This application claims priority to U.S. provisional application No. 62/433,869 filed on Dec. 14, 2016 incorporated herein by reference in its entirety.
BACKGROUND OF THE INVENTIONThe present invention relates to medical devices and methods, particularly those that relate to the treatment of valve insufficiency, also referred to as valve regurgitation. The use of prosthetic valves delivered by traditional surgical implantation methods, or by less invasive percutaneous catheter or minimally invasive transapical methods are one possible treatment for valvar insufficiency.
The heart of vertebrate animals is divided into four chambers, and is equipped with four valves (the mitral, aortic, pulmonary and tricuspid valves) that ensure that blood pumped by the heart flows in a forward direction through the cardiovascular system. The mitral valve of a healthy heart prevents the backflow of blood from the left ventricle into the left atrium of the heart, and has two flexible leaflets (anterior and posterior cusps) that close when the left ventricle contracts. The aortic valve prevents the backflow of blood from the aorta into the left ventricle of the heart, and comprises three flexible leaflets (left, right and posterior cusps) that close after the left ventricle contracts. The pulmonary valve prevents the backflow of blood from the pulmonary artery into the right ventricle of the heart, and comprises three flexible leaflets (right, left and posterior cusps) that close after the right ventricle contracts, or after ventricular systole. The tricuspid valve prevents the backflow of blood from the right ventricle into the right atrium of the heart, and comprises two flexible leaflets (anterior and posterior cusps) that close when the right ventricle contracts. The Mitrial Valve leaflets are attached to a fibrous annulus, and their free edges are tethered by subvalvular chordae tendineae to papillary muscles in the left ventricle to prevent them from prolapsing into the left atrium during the contraction of the left ventricle.
Various cardiac diseases or degenerative changes may cause dysfunction in any of these portions of the mitral valve apparatus, causing the mitral valve to become abnormally narrowed or dilated, or to allow blood to leak (i.e. regurgitate) from the left ventricle back into the left atrium. Any such impairments compromise cardiac sufficiency, and can be debilitating or life threatening.
Numerous surgical methods and devices have accordingly been developed to treat heart valve dysfunction, including open-heart surgical techniques for replacing, repairing or reshaping the native heart valve apparatus, and the surgical implantation of various prosthetic devices such as annuloplasty rings to modify the anatomy of the native heart valve. Additionally, less invasive transcatheter techniques for the delivery of replacement heart valve assemblies have been developed. In such techniques, a prosthetic valve is generally mounted in a crimped state on the end of a flexible catheter and advanced through a blood vessel or the body of the patient until the valve reaches the implantation site. The prosthetic valve is then expanded to its functional size at the site of the defective native valve.
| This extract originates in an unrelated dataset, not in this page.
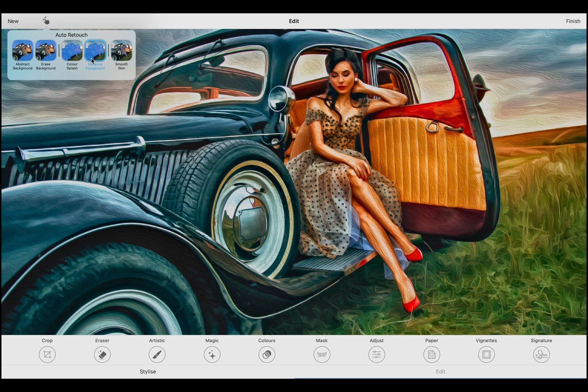Next, we have the Smooth Skin preset. Sometimes magic or artistic effects add additional textures to skin. This preset tones down those effects, ensuring smooth and appealing skin rendering, making your portraits look flawless and less abstract.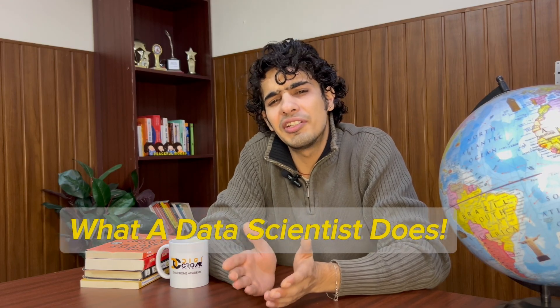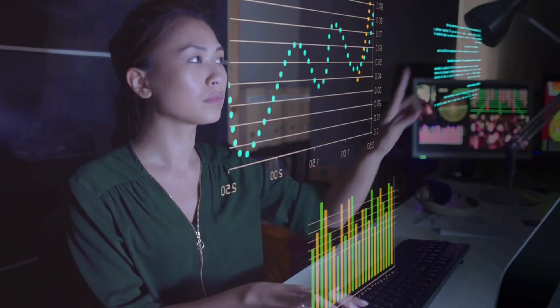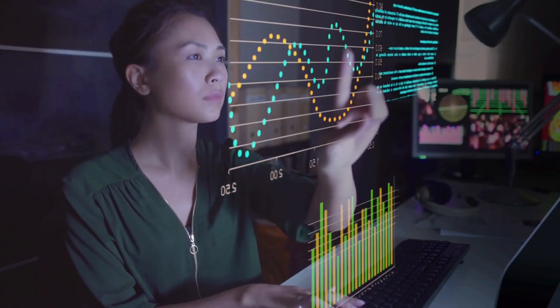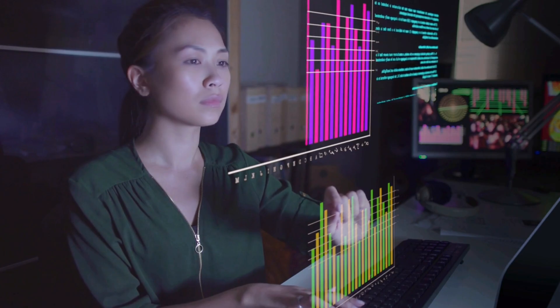Welcome to Digichrome Academy. Firstly, I want to tell you what a data scientist does. A data scientist collects, analyzes, and processes raw data to gain insights from it.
While these devices and methods are promising treatments for valvar insufficiency, they can be difficult to deliver, expensive to manufacture, unable to be noninvasively repositioned or removed in the event they need to be.
There have been important challenges in the development of this technology, including the complexity of the mitral valve anatomy involving a saddle oval shape, the subvalvular apparatus, the interaction with the left ventricular outflow tract (LVOT) and the aortic valve, as well as the large size of transcatheter MVI (devices and large catheters for implantation. At this stage of development, all of these limit the delivery approach to transapical in most cases.
There is a need in the art for an improved prosthetic heart valve device. The present invention meets this need.
SUMMARY OF THE INVENTIONThe present invention relates to a flexible heart valve. The valve is made up of several parts including: a deployable frame; a mesh band that forms the interface between the device and the valvular apparatus; a deployable hooking mechanisms allowing the prosthetic to securely attach to the valvular and subvalvular apparatus; and a retrieval hook allowing for the repositioning and removal of the prosthetic valve once it has been initially positioned.
In one embodiment, the deployable frame comprises a plurality of struts that attach proximally to a proximal collar and distally to a distal collar that are aligned along the central axis of the frame. In one embodiment, the frame comprises up to and including five struts; in one embodiment, the frame comprises more than five struts. In one embodiment, the plurality of struts comprises a non-ferromagnetic, flexible material. In one embodiment, the non-ferromagnetic flexible material is a shape-memory material.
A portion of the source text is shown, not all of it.